I shot 35mm exclusively for the first eight years. Then I bought a Hasselblad 500C/M and shot a roll of Portra 400 in the Everglades. The difference in the negative was not subtle. I've been shooting medium format for Florida landscapes ever since.

What the larger negative actually changes

A 6x6 negative from the Hasselblad is about 3.5 times the area of a 35mm negative. A 6x7 negative from the Pentax 67 is about 4.5 times the area. When you scan these negatives at the same resolution as a 35mm negative, you get proportionally more detail.

The difference is visible in the final print. At 8x10, a 35mm negative and a medium format negative look similar. At 16x20, the difference is significant. At 20x24, the medium format negative has detail that the 35mm negative doesn't.

The grain is also different. A 6x6 negative of Portra 400 scanned at 16x20 has less visible grain than a 35mm negative of the same film at the same print size. The grain is there, but it's smaller relative to the image.

The Hasselblad 500C/M

The Hasselblad 500C/M is the camera I use for most medium format work in Florida. The 6x6 format is square, which requires a different approach to composition than the 3:2 ratio of 35mm.

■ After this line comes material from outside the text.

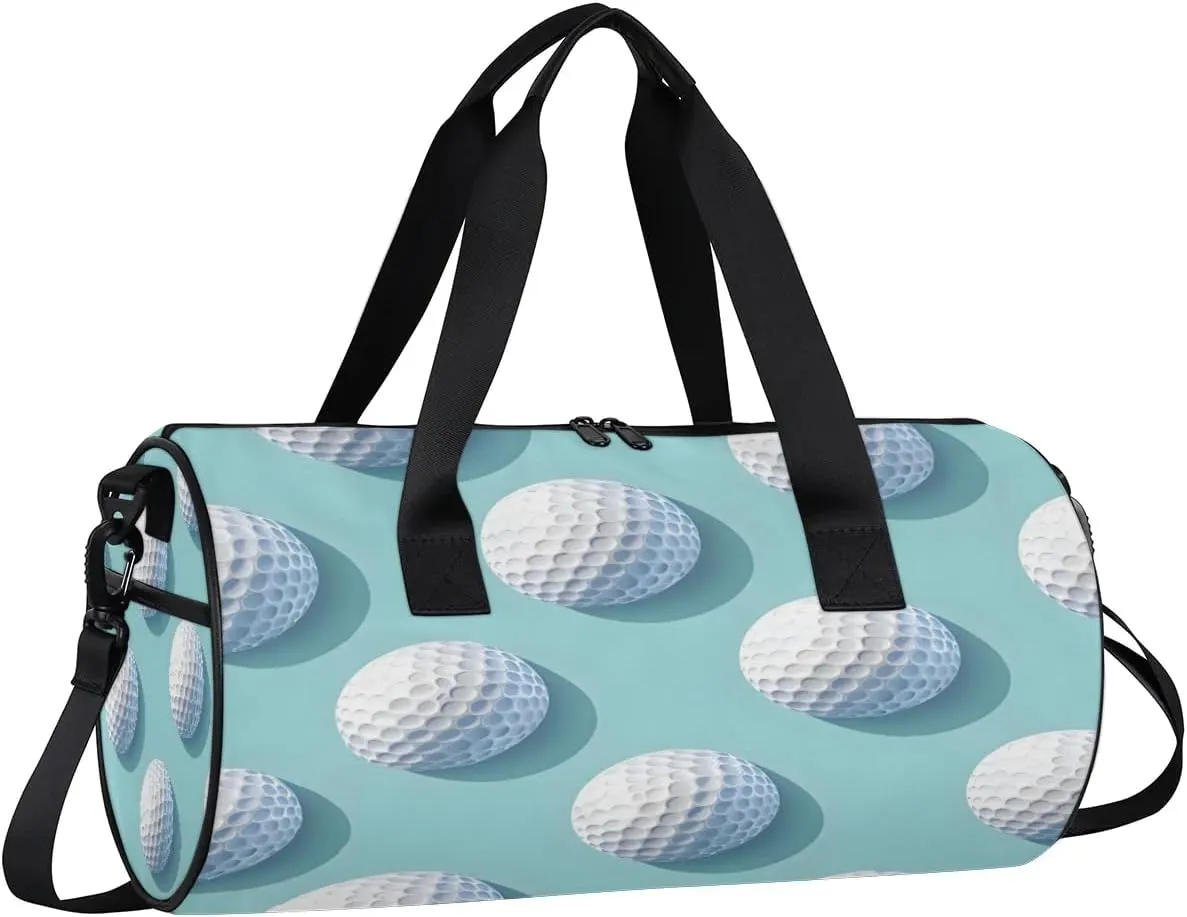 Gym Bags for Men Women Golf Balls Sports Duffel Bags Carry On Travel Duffle Bag with Detachable Adjustable Shoulder Strap Overnight Weekender Bag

I've come to prefer the square format for landscapes -- it forces a more deliberate approach to composition.

The Zeiss lenses for the Hasselblad are exceptional. The 80mm Planar f/2.8 is the standard lens and it's excellent. The 50mm Distagon f/4 is a useful wide-angle for landscapes. The 150mm Sonnar f/4 is a good portrait and detail lens.

The Hasselblad is slow to use. Each shot requires more deliberate preparation than a 35mm camera. You advance the film, cock the shutter, compose, focus, check the exposure, and shoot. There's no motor drive, no auto exposure, no shortcuts. This slowness is a feature for landscape work -- it forces you to be deliberate.

The Pentax 67

The Pentax 67 is the camera I use when I want the largest possible negative. The 6x7 format is enormous -- 4.5 times the area of 35mm. The SMC 105mm f/2.4 is one of the best portrait lenses ever made, and it's also excellent for landscapes.

The Pentax 67 weighs 1.5 kilograms with the 105mm lens. It's not a camera you carry casually. In Florida, where I sometimes hike to reach good locations, the weight matters. I use a dedicated camera bag for the Pentax 67 and a tripod.

The mirror slap on the Pentax 67 is significant. At handheld speeds between 1/15 and 1/125, the mirror vibration can cause blur. On a tripod with mirror lock-up, it's not a problem. I always use a tripod with the Pentax 67.

Florida landscapes in medium format

The Everglades in early morning. The Florida Keys at sunset. Canaveral National Seashore on an overcast day. These are the locations where medium format makes the most difference. The detail in the vegetation, the water, the sky -- it's a different quality from 35mm.

The light in Florida is high-contrast. Medium format film with good latitude -- Portra 400, Ektar 100 -- handles this better than 35mm film at the same print size. The larger negative captures more tonal information.

I use Portra 400 for most medium format work in Florida. Ektar 100 for bright-light landscape work where I want maximum sharpness and saturation. HP5 for black and white. The medium format negative of HP5 stand-developed in Rodinal 1:100 is one of the best combinations I've found for Florida landscapes.

What I gave up

Medium format is slower, heavier, and more expensive than 35mm. A roll of 120 film gives you 12 exposures on 6x6 or 10 on 6x7. A roll of 35mm gives you 36. The cost per exposure is higher.

The cameras are heavier and bulkier. The Hasselblad 500C/M with a lens weighs about 1.2 kilograms. The Pentax 67 with the 105mm lens weighs 1.5 kilograms. Neither is a camera you carry casually.

For street photography and travel, I still use 35mm. The Leica M3 or M6 with a 50mm lens is the right tool for that work. Medium format is for when I'm going somewhere specifically to make photographs and I have time to be deliberate.